Admission of late-presented equivalence-based infringement theory not manifestly wrong

(link to LinkedIn post)

An unnamed individual plaintiff made an equivalence-based infringement argument only in the reply brief. Defendants Orthoapnea and Vivisol wanted the Court of Appeal to intervene at this stage so they wouldn’t have to address the allegedly inadmissible theory in their rejoinder. While President Dr. Klaus Grabinski held that an order by the CoA may have suspensive effect with respect to a filing deadline like this, no stay was ordered. The substantive question was referred to the panel, but the defendants will have to live with the fact that litigants make or address arguments in their pleadings that may later turn out irrelevant.

Costs must be sought in lower court even if some or all of them relate to appellate proceedings

(link to LinkedIn post)

For the Court of Appeal, Judge Peter Blok held that an order on costs must be requested in the Court of First Instance, even if it is in whole or in part about the costs of proceedings in the CoA.

Amended versions of challenged patent claims may include elements of non-challenged claims; and new invalidity contentions are untimely if they could have been brought in revocation claim

(link to LinkedIn post)

The Paris Central Division upheld, in an amended form, a Carrier Corporation patent challenged by BITZER Electronics. The decision explains that a patentee may not amend non-challenged claims in a revocation proceedings, but is free to incorporate elements of challenged claims into amended versions of challenged claims. Apparently that has no limit and even if all elements of a a non-challenged claim are incorporated into an amended version of a challenged claim, the Paris CD deems the proposed amendment admissible.

BITZER presented some invalidity contentions at a later stage, but according to the Paris CD couldn’t explain why it didn’t bring them as part of the revocation claim. Therefore, those theories were deemed inadmissible.

No shortcut for service of process on defendants based in China and its Hong Kong Special Administrative Region

(link to LinkedIn post)

NEC tried to effectuate service of process on TCL by email, which the Munich Local Division’s and now also the Court of Appeal’s second panel rejected, as they did the proposal to just put a notice on the Munich LD’s wall. NEC must first attempt to serve the complaint in accordance with the Hague Convention. Some TCL defendants are based in Europe and have already been served. Only if there was a major delay concerning service on a Chinese defendant would alternative forms of service be considered.

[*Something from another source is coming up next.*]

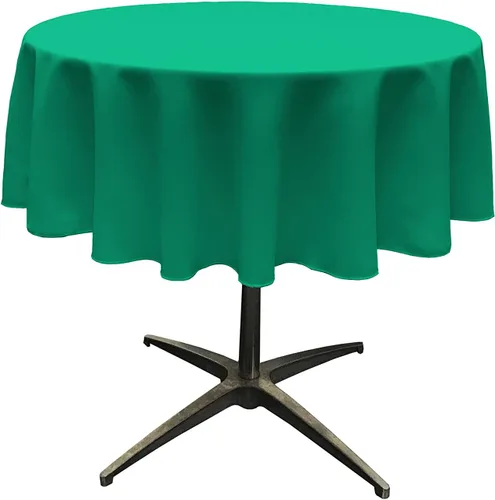 Miniatura 61 de LA Linen - Mantel redondo lavable de popelina de poliéster, resistente a manchas y arrugas, 51", mantel de tela para comedor, cocina, fiesta, Negro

Agreement on attorneys’ fees shielded from public access, but opposing party gets to see it

(link to LinkedIn post)

In another decision by the Paris CD, a party wanted to completely seal an agreement on attorneys’ fees that may be relevant in connection with a decision on necessary fees, arguing that the other party could obtain information that would impact ongoing settlement negotiations. Judge-rapporteur Professor Maximilian Haedicke sealed the document only to the extent that the general public won’t get access, but the opposing party will have the opportunity to review it so it can develop its argument on necessary fees.

The Hague Local Division applies Ocado v. AutoStore on access to documents

(link to LinkedIn post)

In a case in which a decision by the first-instance court is under appeal, a third party (UK law firm Powell Gilbert) nevertheless gets access to the pleadings, over the litigants’ “succinct” (because they probably knew they wouldn’t prevent anything) objections.